(What you will do): Please reproduce all the data exactly as written and omit the pictures.

(Data section):
== Segment start ==
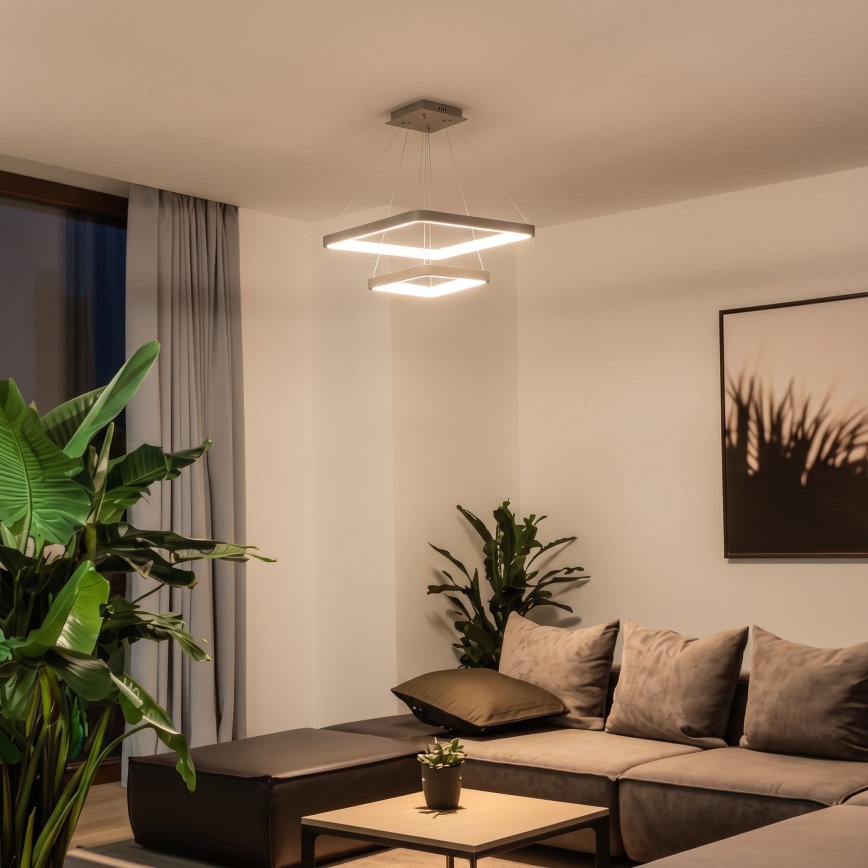 BRILAGI - LED reguliuojamas pakabinamas šviestuvas ant laido FALCON SLIM LED/78W/230V 3000-6500K 50x50 cm smėlinė + su nuotoliniu valdymu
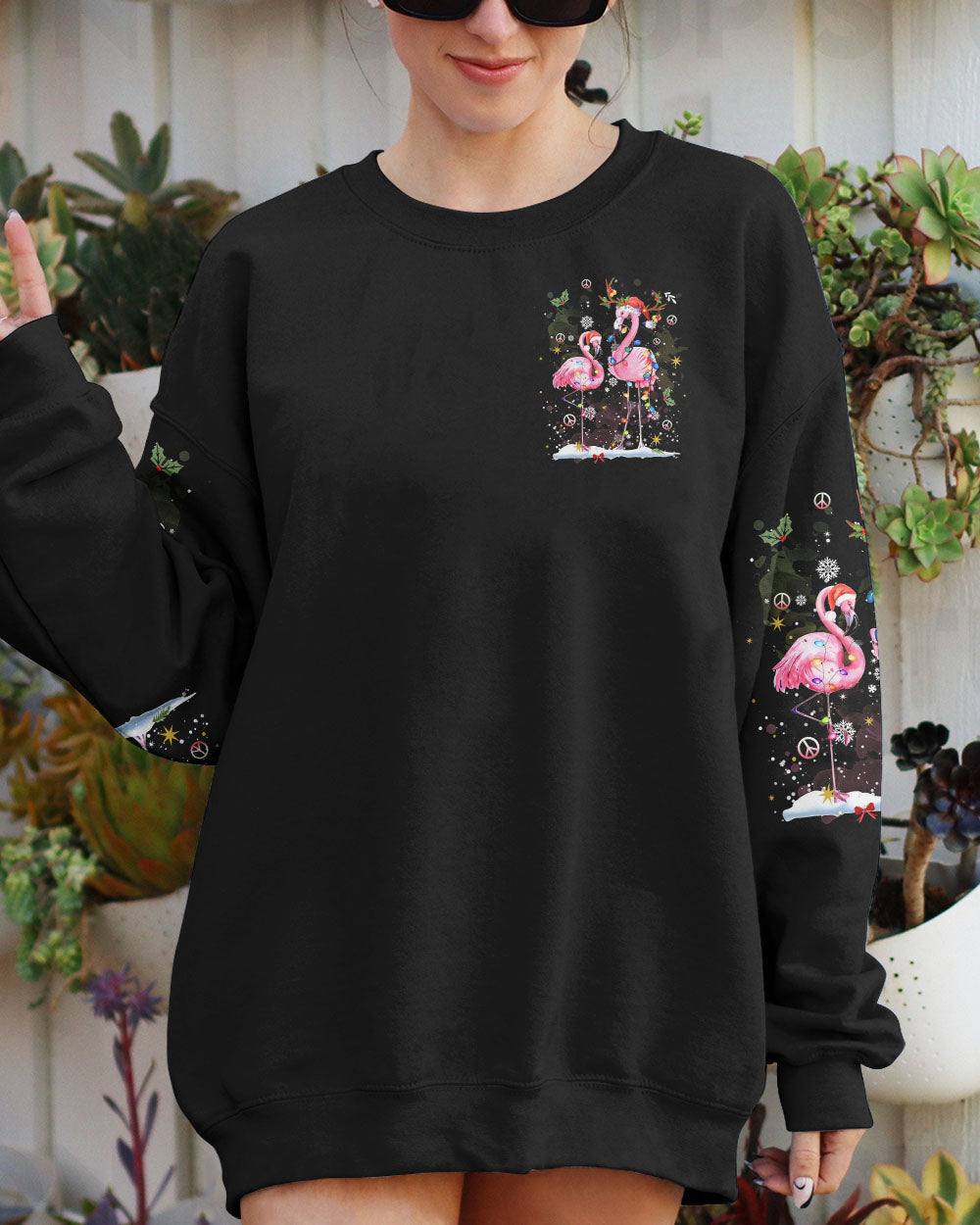LET'S JINGLE AND FLAMINGLE CHRISTMAS ALL OVER PRINT - YHDU809232
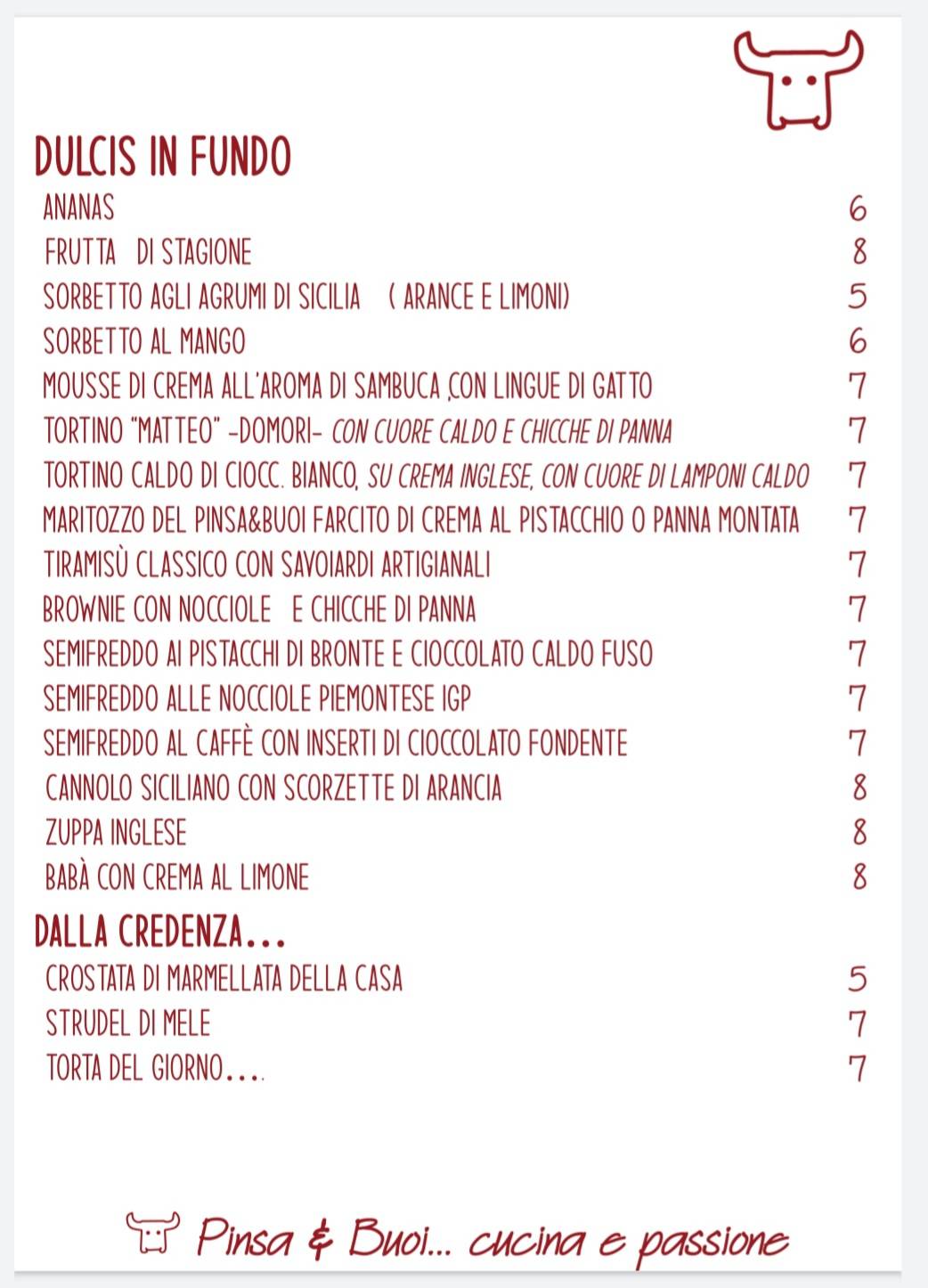 Menu di Pinsa e buoi dei...Parioli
== Segment end ==
(Completed exercise):
 BRILAGI - LED reguliuojamas pakabinamas šviestuvas ant laido FALCON SLIM LED/78W/230V 3000-6500K 50x50 cm smėlinė + su nuotoliniu valdymu
LET'S JINGLE AND FLAMINGLE CHRISTMAS ALL OVER PRINT - YHDU809232
 Menu di Pinsa e buoi dei...Parioli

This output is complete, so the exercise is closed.